Air Traffic Technical Operations "Tech. Ops." supports efficient flight services through responsive and cost effective maintenance of NAS facilities, systems, and equipment. The group includes more than 9,000 engineers and technicians maintaining more than 41,000 pieces of radar, nav-aid and computer equipment.
FAA Airports Division This division of the FAA is responsible for oversight of airport safety and compliance; airport engineering, design, and construction; and environmental programs. It also manages grant distribution through the Airport Improvement Program and oversight of the Passenger Facility Charge program.
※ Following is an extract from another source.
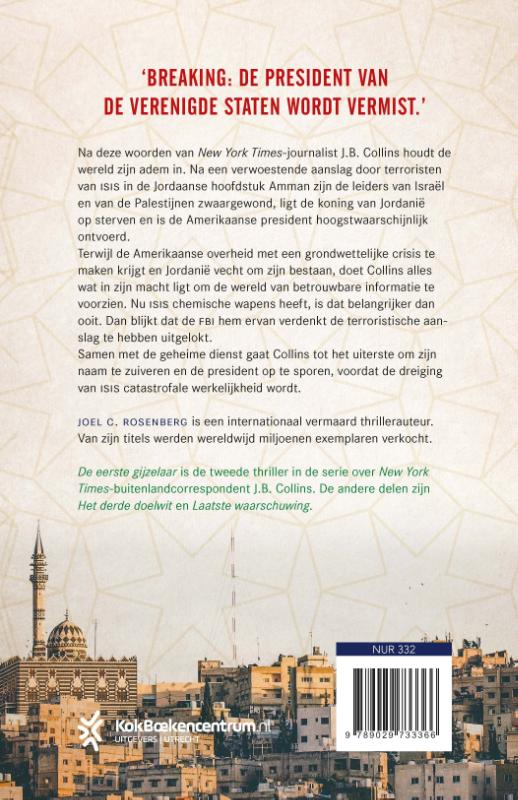 Productafbeelding: achterkant van De eerste gijzelaar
Airport and Aircraft Safety R&D Group / Advanced Technology Development & Prototyping Group These two exhibits include representatives from the FAA's William J. Hughes Technical Center, which is the world's premier research, development, test, and evaluation facility for aviation. The Technical Center in Atlantic City, NJ, serves as the national scientific test base for the FAA and its programs involve research into air traffic control, communications, navigation, airports, aircraft safety, and security. They also include long-range development of innovative aviation systems and concepts such as NextGen, the development of new air traffic control equipment and software, and the modification of existing systems and procedures.
Office of the Chief Counsel - The FAA Office of the Chief Counsel supports the Agency's mission by providing legal services in the areas of aviation enforcement and compliance, airports and environmental law, alternative dispute resolution, aviation regulations, and legal policy.
DUI/DWI Compliance & Investigations This office investigates any alleged criminal activity by airmen and other FAA certificate holders and keeps records on any alcohol-related convictions or administrative actions referring to motor vehicle actions.
Security & Hazardous Materials Division The FAA's Office of Hazardous Materials increases safety in the air transportation system by preventing hazardous materials accidents and incidents aboard aircraft. More than 100 special agents are dedicated to enforcement and educational outreach, and to ensuring compliance with U.S. Department of Transportation (DOT) regulations.
Commercial Space Transportation The FAA's mission is to ensure protection of the public, of property, and the national security and foreign policy interests of the United States during commercial space launch and reentry activities, and to encourage, facilitate, and promote U.S. commercial space transportation.
Office of Communications (public web site) This office manages the FAA's public web site and determines what type of online information can be the most useful for pilots and mechanics.
Human Resources (Recruitment) The FAA operates the largest aviation system in the world and we are looking for employees to help us maintain our place as the world leader in aviation. Career opportunities at FAA include air traffic controllers, engineering specialists, electronics technicians, aviation safety inspectors, and computer specialists.
FAA Information Services This office manages the agency's information technology (IT) enterprise, including its applications and infrastructure.
Historic N34 aircraft Parked nearby the FAA Safety Center, this beautifully restored aircraft was the last DC-3 to be part of the FAA's flight inspection fleet. Built in 1945 for the U.S. Navy, the plane was transferred to the FAA in 1963 and reconfigured to help check the accuracy of navigational aids at airports across the country. It was a workhorse in the FAA's fleet until 1985. Visitors not only can see the pristinely restored outside of the DC-3, but can also walk inside the plane.